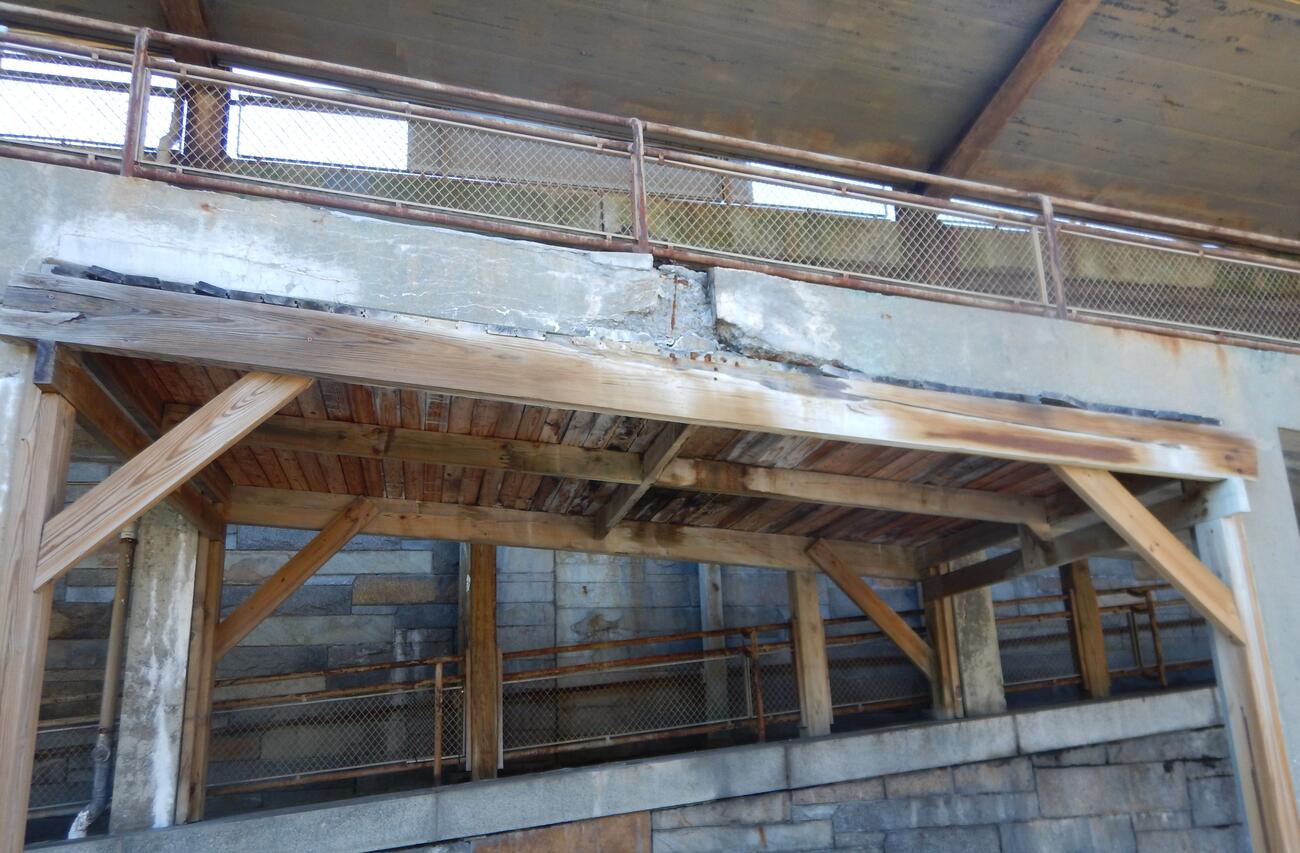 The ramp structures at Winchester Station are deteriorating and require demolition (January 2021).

-*-

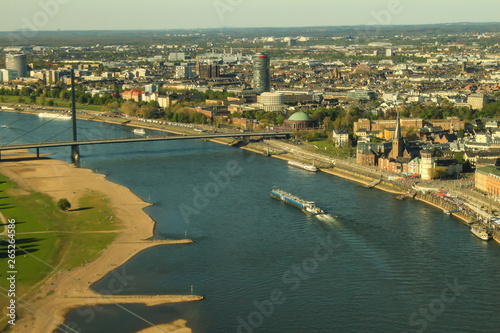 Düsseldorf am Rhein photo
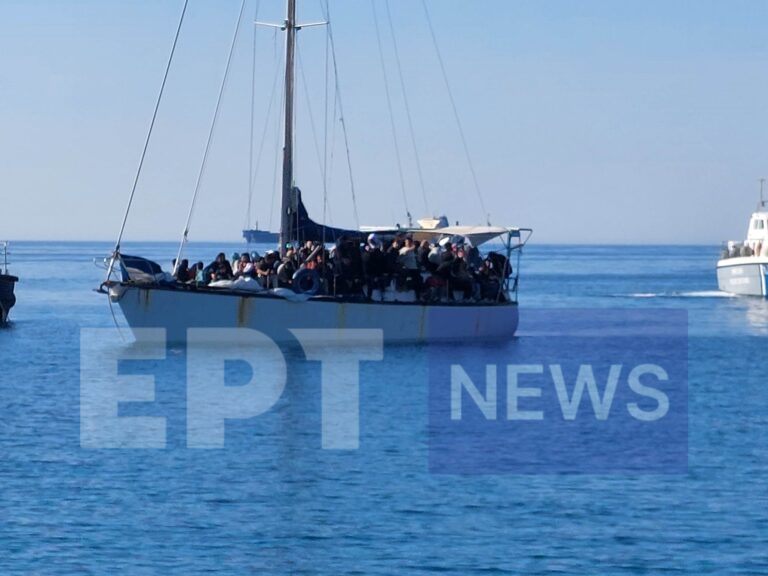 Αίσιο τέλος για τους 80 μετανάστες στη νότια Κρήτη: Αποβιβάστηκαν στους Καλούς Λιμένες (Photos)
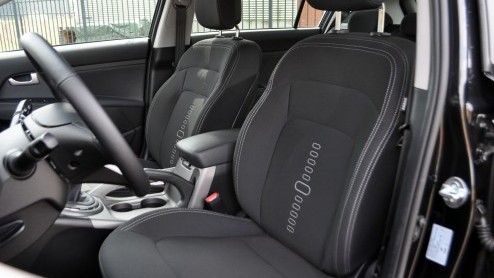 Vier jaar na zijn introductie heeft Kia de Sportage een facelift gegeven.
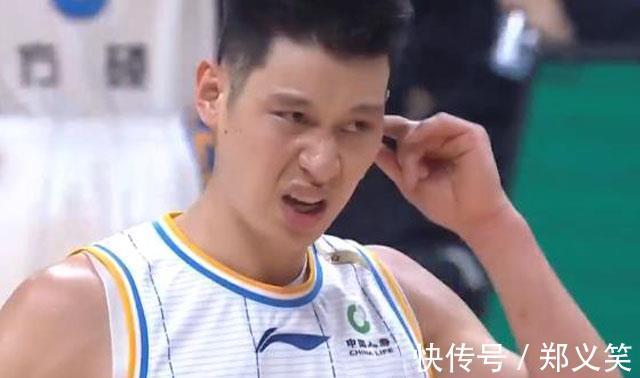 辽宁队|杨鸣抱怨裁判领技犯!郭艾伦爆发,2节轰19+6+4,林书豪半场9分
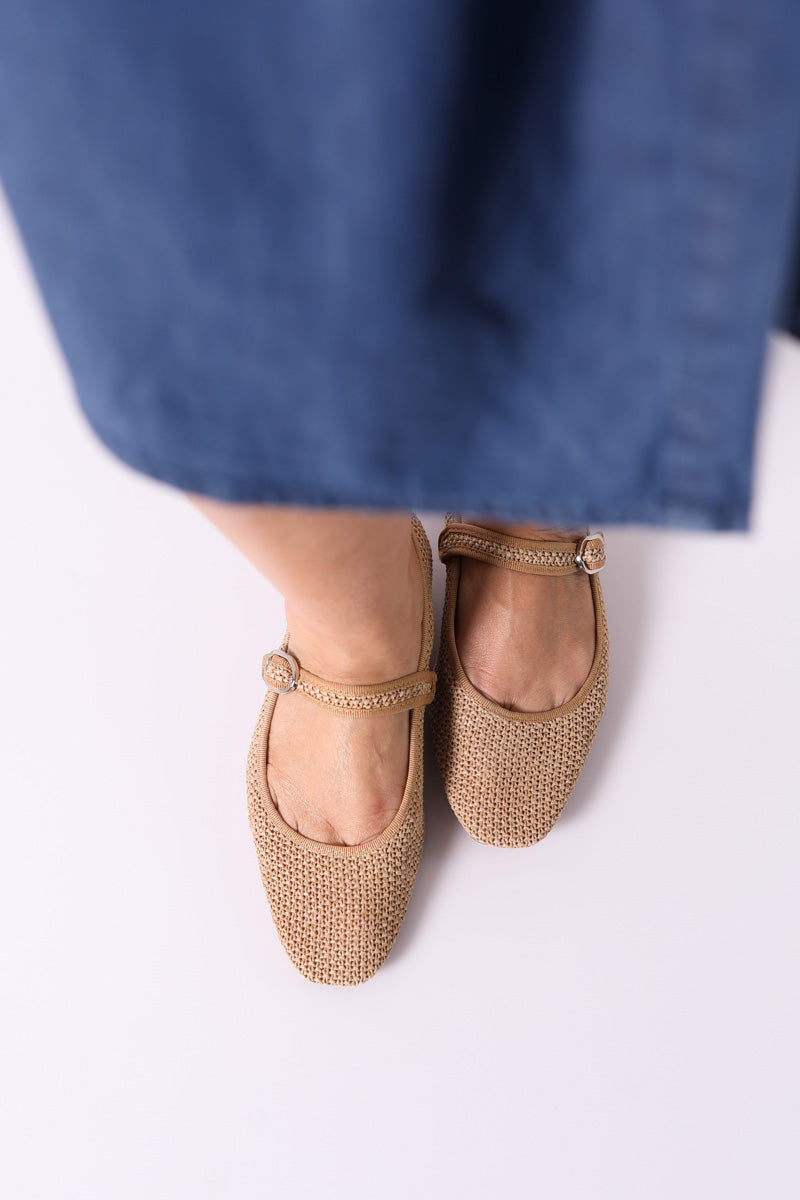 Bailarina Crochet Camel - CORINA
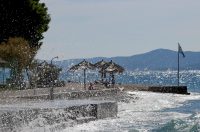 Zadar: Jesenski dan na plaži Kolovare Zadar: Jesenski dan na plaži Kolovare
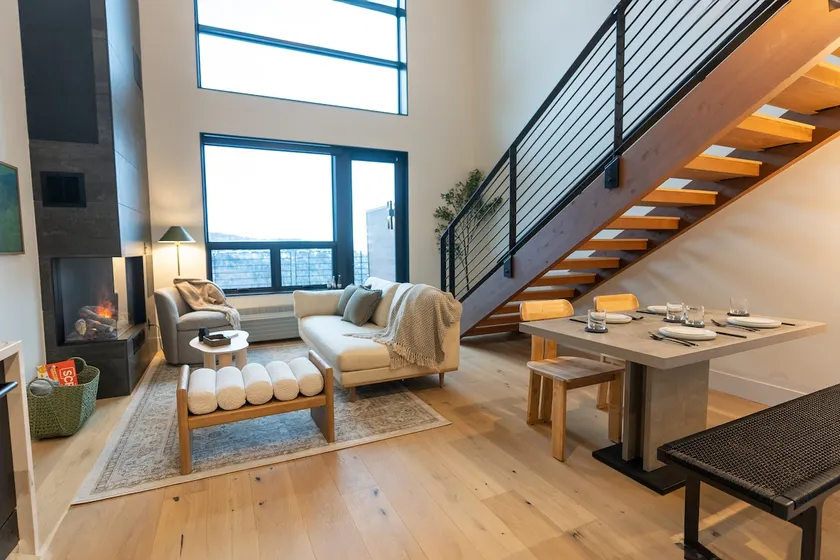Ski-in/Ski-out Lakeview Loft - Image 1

-*-

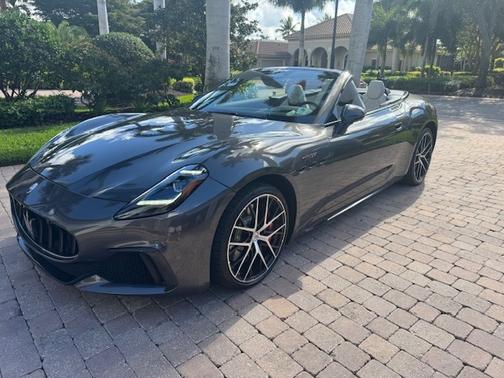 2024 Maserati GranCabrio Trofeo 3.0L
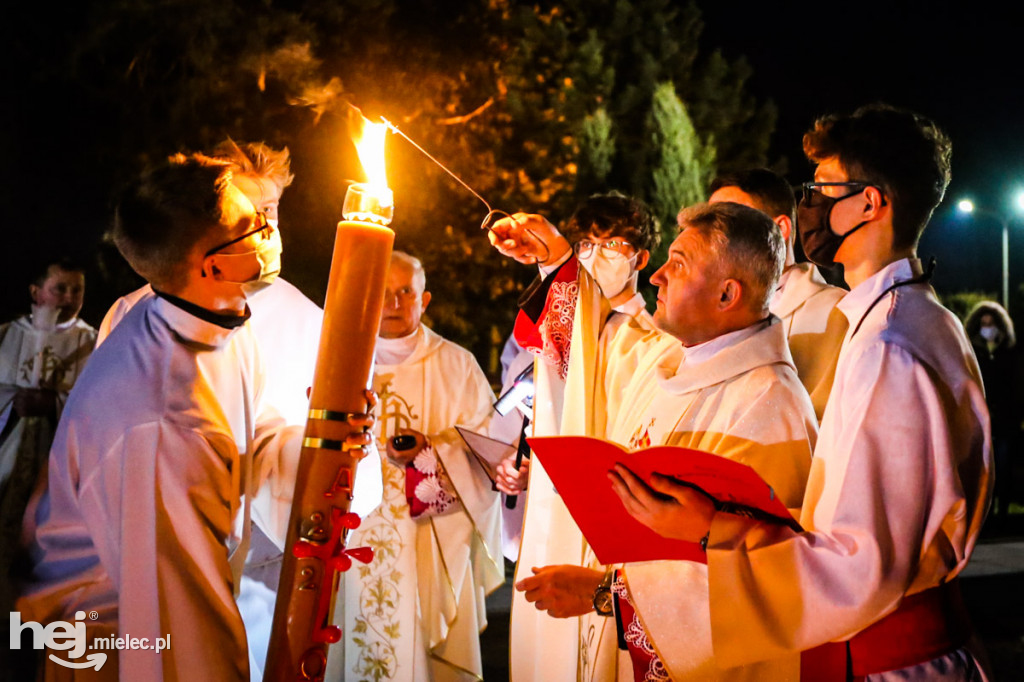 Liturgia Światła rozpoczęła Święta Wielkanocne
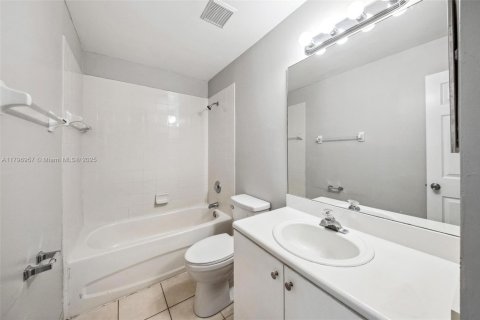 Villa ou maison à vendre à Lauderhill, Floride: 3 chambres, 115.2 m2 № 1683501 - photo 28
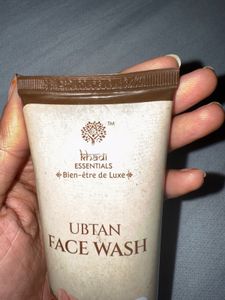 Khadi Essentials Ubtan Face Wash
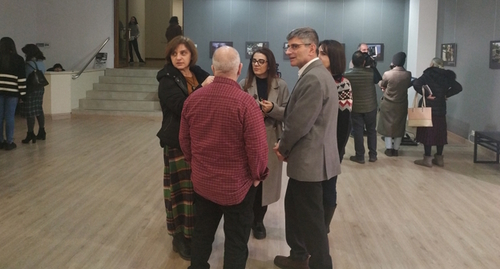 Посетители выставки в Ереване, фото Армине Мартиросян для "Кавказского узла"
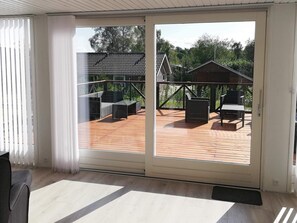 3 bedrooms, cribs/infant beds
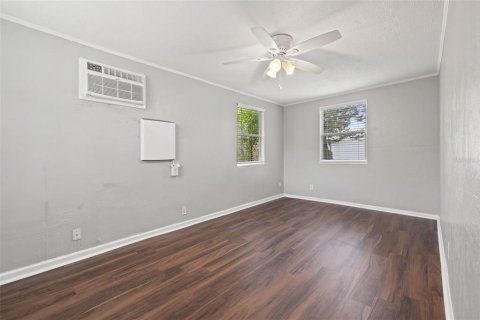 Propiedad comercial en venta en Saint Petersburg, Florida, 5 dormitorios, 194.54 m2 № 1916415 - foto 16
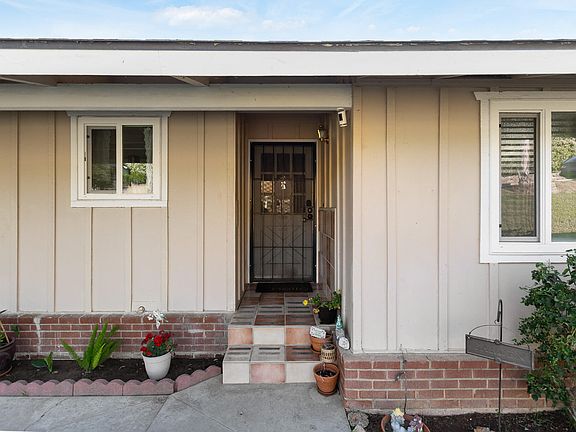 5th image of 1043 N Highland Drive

-*-

[Problem to solve] Print, exactly, each line above from the one with "辽宁队|杨鸣抱怨裁判领技犯!郭艾伦爆发,2节轰19+6+4,林书豪半场9分" to the one with "Ski-in/Ski-out Lakeview Loft - Image 1", end lines included. Leave pictures out of it.

[Result of this task]
 辽宁队|杨鸣抱怨裁判领技犯!郭艾伦爆发,2节轰19+6+4,林书豪半场9分
 Bailarina Crochet Camel - CORINA
 Zadar: Jesenski dan na plaži Kolovare Zadar: Jesenski dan na plaži Kolovare
Ski-in/Ski-out Lakeview Loft - Image 1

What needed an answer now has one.